The video has been viewed almost 8 million times in total. The filmmakers claimed they wanted to ignite a conversation about children in conflict. But signatories of the open letter disagree. "This film undermines the work and the people who continue to document crimes against humanity," it says. There has also been anger online from Syrians themselves.
On the YouTube page where the staged video was originally posted, the conversation turned towards politics in Syria. Many referenced the video to reinforce their political views. "All the videos you guys have seen about how Assad is bombing and shooting his own people are fake and most of them were exposed. I knew this video was fake the first time i saw it." wrote one YouTube user, Baccara Hakim. "It is fake but that doesn't mean that its not happening everyday in Syria," wrote another, Nadia Haj.
"It has now deterred people from sharing potentially dramatic news items unless we all become video forensics experts overnight" Aboud Dandachi, a displaced Syrian from Homs, now based in Istanbul, told BBC Trending. "This has been the biggest setback to citizen journalism since the concept began. The children will no longer be the topic of discussion."

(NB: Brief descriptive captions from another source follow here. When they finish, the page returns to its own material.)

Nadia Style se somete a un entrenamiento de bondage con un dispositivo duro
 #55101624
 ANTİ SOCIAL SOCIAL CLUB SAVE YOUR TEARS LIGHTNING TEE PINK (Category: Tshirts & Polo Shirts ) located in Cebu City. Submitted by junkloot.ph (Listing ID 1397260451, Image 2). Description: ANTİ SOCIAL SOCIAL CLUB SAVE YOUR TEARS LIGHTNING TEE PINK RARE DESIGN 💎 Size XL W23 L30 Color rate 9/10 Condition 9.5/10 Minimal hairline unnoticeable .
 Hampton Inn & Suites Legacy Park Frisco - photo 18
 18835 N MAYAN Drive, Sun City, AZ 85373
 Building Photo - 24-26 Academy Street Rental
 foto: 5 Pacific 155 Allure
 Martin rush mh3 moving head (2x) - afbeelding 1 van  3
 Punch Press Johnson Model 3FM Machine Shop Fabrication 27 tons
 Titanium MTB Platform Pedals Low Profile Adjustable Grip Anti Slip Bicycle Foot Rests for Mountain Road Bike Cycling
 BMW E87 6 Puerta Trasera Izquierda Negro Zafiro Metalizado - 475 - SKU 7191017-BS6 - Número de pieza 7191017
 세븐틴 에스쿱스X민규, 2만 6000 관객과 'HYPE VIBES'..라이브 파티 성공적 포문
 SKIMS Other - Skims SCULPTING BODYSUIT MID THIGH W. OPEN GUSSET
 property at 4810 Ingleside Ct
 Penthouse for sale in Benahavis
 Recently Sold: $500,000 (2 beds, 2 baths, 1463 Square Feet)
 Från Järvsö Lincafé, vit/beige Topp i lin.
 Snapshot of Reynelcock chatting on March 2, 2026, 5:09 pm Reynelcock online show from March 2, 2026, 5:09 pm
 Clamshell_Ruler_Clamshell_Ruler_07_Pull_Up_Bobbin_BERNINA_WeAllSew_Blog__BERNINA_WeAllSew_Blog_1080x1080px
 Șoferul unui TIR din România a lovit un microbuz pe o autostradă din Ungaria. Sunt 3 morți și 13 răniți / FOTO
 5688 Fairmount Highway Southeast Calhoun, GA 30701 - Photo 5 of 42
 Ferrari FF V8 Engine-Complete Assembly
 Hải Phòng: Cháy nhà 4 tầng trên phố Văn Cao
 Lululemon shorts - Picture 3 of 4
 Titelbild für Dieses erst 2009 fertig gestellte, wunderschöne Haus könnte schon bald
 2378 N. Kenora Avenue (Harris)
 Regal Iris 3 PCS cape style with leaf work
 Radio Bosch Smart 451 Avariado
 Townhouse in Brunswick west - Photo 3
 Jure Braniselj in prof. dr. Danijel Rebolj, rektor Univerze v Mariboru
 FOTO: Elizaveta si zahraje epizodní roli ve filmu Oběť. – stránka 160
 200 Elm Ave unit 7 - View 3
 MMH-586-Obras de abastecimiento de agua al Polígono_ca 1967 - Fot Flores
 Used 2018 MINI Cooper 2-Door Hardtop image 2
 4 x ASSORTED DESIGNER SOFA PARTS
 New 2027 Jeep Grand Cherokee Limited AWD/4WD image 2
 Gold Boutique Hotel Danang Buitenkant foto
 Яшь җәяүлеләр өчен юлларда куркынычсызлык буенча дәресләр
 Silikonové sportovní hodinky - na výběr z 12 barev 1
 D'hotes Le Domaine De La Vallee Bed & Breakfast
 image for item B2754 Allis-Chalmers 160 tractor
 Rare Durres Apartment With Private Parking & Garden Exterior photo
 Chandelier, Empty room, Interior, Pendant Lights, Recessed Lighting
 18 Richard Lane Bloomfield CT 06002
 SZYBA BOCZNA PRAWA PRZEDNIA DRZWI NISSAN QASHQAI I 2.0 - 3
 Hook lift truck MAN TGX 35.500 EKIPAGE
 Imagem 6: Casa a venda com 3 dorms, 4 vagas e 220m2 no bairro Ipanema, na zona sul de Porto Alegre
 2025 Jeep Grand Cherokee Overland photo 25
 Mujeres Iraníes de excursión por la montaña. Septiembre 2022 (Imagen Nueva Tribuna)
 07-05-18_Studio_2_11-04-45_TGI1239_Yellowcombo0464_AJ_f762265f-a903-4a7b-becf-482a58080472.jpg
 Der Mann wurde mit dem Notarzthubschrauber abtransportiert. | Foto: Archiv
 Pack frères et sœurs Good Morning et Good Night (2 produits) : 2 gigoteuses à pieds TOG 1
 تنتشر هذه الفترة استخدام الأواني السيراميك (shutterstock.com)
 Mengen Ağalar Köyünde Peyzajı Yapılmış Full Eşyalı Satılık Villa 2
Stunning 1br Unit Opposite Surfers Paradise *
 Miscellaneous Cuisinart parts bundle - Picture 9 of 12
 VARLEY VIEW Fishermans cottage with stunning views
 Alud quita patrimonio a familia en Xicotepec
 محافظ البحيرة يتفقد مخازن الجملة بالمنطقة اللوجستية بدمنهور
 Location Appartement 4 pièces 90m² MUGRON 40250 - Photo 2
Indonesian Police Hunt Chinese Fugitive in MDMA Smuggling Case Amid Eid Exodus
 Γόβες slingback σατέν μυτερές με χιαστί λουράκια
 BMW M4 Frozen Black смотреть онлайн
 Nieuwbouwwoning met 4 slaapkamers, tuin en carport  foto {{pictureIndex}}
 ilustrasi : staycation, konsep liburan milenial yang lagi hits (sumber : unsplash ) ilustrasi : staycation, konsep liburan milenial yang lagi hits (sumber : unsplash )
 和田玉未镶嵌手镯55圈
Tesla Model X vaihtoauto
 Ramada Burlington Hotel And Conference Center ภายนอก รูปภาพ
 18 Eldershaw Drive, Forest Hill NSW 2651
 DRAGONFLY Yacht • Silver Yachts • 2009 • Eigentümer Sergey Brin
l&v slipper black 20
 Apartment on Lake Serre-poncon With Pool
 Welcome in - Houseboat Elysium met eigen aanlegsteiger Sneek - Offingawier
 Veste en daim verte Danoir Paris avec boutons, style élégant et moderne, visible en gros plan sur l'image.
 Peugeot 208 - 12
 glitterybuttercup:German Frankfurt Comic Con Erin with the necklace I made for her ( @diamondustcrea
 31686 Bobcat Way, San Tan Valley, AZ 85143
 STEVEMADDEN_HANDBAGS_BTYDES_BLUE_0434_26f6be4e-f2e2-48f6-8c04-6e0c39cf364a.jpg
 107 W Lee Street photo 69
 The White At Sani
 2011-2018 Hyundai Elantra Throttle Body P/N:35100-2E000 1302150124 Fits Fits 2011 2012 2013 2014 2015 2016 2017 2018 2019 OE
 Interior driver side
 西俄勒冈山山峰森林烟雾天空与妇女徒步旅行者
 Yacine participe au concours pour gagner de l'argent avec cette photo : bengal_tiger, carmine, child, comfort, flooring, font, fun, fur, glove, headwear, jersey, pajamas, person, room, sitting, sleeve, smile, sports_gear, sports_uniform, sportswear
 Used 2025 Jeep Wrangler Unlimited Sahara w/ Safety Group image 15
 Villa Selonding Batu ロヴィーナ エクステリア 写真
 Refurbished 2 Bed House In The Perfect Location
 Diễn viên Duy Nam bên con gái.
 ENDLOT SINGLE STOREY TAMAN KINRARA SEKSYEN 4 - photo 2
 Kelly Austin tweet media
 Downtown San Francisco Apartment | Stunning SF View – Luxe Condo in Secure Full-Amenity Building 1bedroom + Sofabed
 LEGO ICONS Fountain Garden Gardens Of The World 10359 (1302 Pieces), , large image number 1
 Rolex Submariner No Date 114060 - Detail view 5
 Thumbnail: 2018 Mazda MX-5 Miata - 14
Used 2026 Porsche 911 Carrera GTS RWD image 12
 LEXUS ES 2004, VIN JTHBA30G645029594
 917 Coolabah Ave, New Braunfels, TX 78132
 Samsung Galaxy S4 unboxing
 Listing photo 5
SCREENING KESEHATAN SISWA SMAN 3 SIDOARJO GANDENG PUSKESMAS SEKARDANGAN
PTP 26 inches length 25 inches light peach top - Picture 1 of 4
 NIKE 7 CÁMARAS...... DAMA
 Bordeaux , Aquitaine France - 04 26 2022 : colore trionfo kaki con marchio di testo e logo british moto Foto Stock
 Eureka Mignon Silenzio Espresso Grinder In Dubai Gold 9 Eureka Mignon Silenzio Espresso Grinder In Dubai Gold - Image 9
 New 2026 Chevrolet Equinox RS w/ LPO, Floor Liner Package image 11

"The misery of children -and others - in Syria is very real. There is no need to fictionalise it. Fictionalising in order to draw attention to it does the exact opposite of the desired effect," Kinda Haddad, a Syrian-Dutch journalist, told BBC Trending. "It introduces doubt into any story that has come out of Syria over the last few years as well as anything that will come out in future. People on both sides will use this to their advantage. And if people are unable to tell the difference between fact and fiction they will quickly lose interest in a conflict that is causing untold misery."
Fred Abrahams of Human Rights Watch said the video did more damage than good. "Now I'm just disgusted," Abrahams wrote. "By releasing a fake video, Klevberg (the director) has made it easier for war criminals to dismiss credible images of abuse."